Saturday, July 19, 2008

 

How the mighty are fallen

Thanks to Karate Kid (Best Kid to those of us who live in a country where Karate is no laughing matter), the Japanese suffix -san is known to all and sundry. Naturally, I heard no shortage of "Daniel-san" at secondary school and I can even boast a Coventry City shirt with the same printed on the back, courtesy of the SBA.

Less well known in the west are the other suffixes. Whilst -san is a nice generic marker (Mr/Mrs/Miss/Ms: delete as applicable), it would be the height of bad form to call someone a -san when their social rank demands otherwise. I caught Machida-sensei referring to me as Dan-san in front of the students once and I gave him A Look. After that, it was Dan-sensei all the way.

Not that I consider myself a sensei, but the "give an inch, take a mile" rule is poignantly applicable in the case of junior high students, and it's a short step from the teachers calling me Dan-san to the third years calling me Dan-kun and owning me in the toilets.

At elementary school, I sidestepped the whole tortuous business by insisting that everyone just call me Dan.

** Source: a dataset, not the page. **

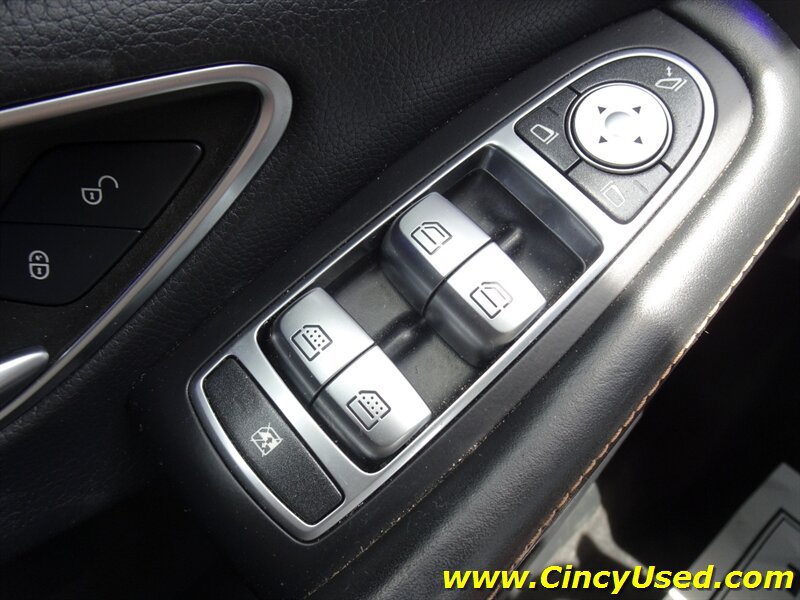 Used 2020 Mercedes-Benz S 560 4MATIC Sedan image 24
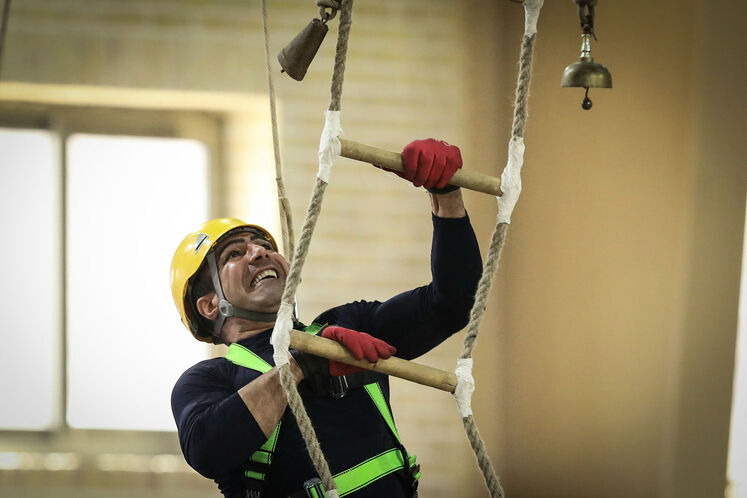 پنجمین دوره ارزیابی آمادگی عملیاتی و تخصصی آتشنشانان وزارت نفت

Anyway, for those who can't resist a bit of schadenfraude, here's a nice few examples of suffixes relating to AVON'S erstwhile president Nozom Sahashi:

Sahashi-shachou
Sahashi-company-president: used in the newspapers until about November last year.

Sahashi-moto-shachou
Sahashi-ex-company-president, used after AVON's collapse, then followed by...

Sahashi-yougi-sha
Sahashi-suspect (lit: "suspicious person"), which really brightened up my day the first time I read it in the newspaper, but has since escalated to:

Sahashi-hikoku
Sahashi-defendant.

I look forward to the day when I can open up the Mainichi and see the kanji for Sahashi-jailbird.